Question is 'complicated'
The FBI, part of the sniper task force that helped eventually catch Muhammad and Malvo, declined to comment on how many people the snipers shot and killed, except to say the question is "complicated."

"To further complicate it, the statements of Muhammad and Malvo need to be relied on as to who performed any given shooting. Needless to say, their statements cannot be vetted for each and every event," FBI spokesman Richard Wolf said in an e-mail.

State and local authorities, including Fairfax County Police, Montgomery County Police, the Montgomery County State's Attorney and Maryland Office of the Attorney General all referred the question to other agencies.

The prosecutor who put Muhammad on death row, Prince William Commonwealth's Attorney Paul Ebert, said it may be impossible to know how many people were killed.

"I don't know that you can trust anything Malvo says," Ebert said, referring to Malvo's reported confessions. Malvo's statements have not always been consistent — he at first took responsibility for pulling the trigger on all the shootings, but later testified that Muhammad, more often than not, was the shooter.

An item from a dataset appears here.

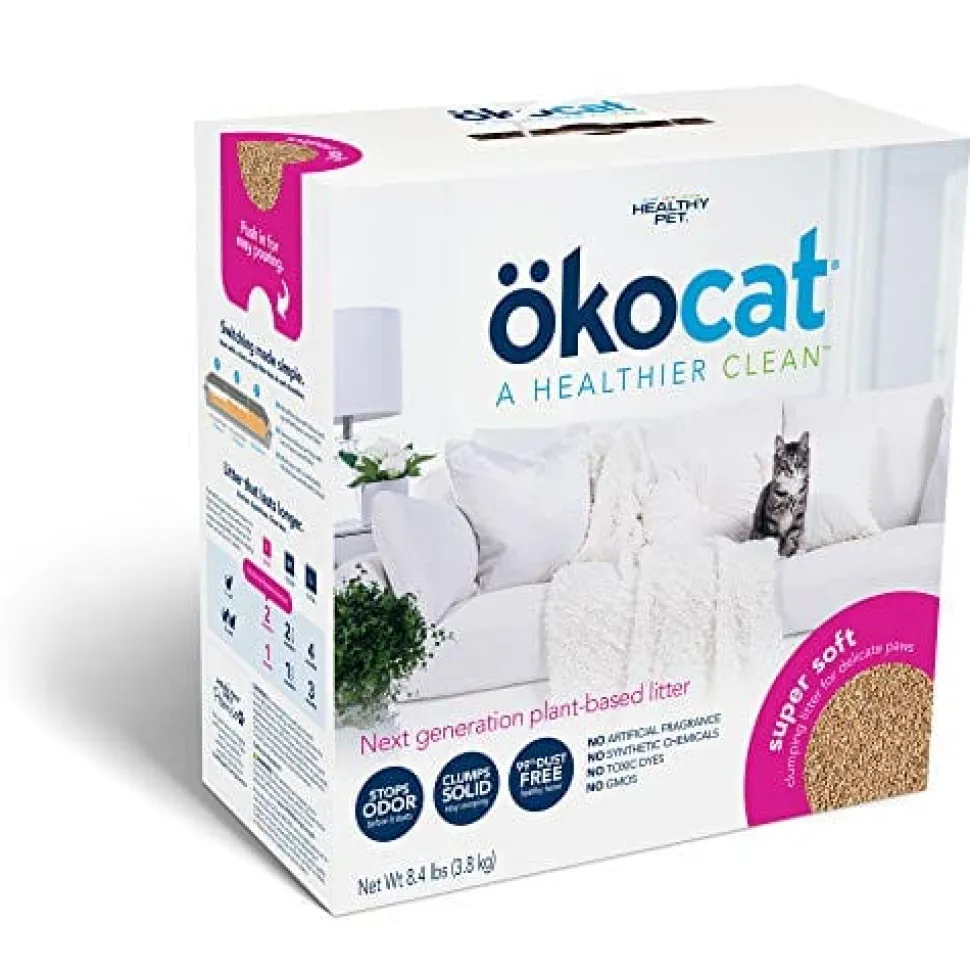 Okocat Super Soft Clumping Wood Cat Cat Litter - 8.4 Lbs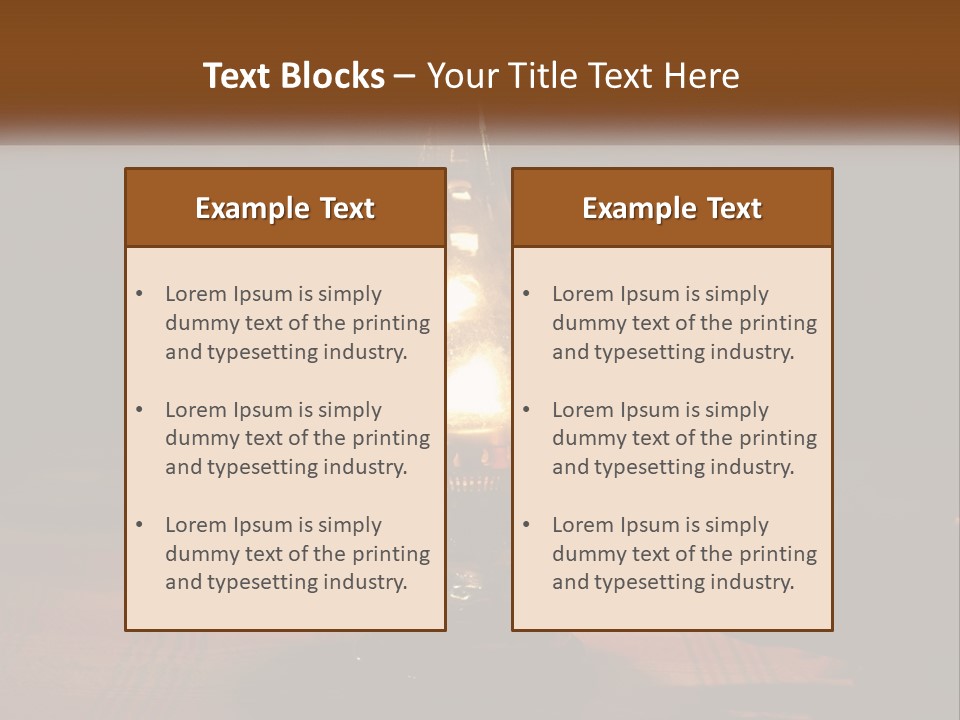 Burn Life Table PowerPoint Template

"There may well be more we don't know about, but who knows?" Ebert said.

‘All I'm asking for is answers’
Carmeta Albarus Lindo, a social worker who testified on Malvo's behalf at his first trial and has maintained a relationship with him, said it's up to Malvo's attorneys to decide whether he will provide statements to police without promises of immunity.

Malvo's attorney on the Maryland cases, William Brennan, said he can't comment because Malvo could still theoretically face prosecution in other states.

Sarah Dillon, meanwhile, is well aware that Muhammad's death eliminates one of the people who can answer her questions about her son's murder.

"All I'm asking for is answers," she said, "before they leave this world."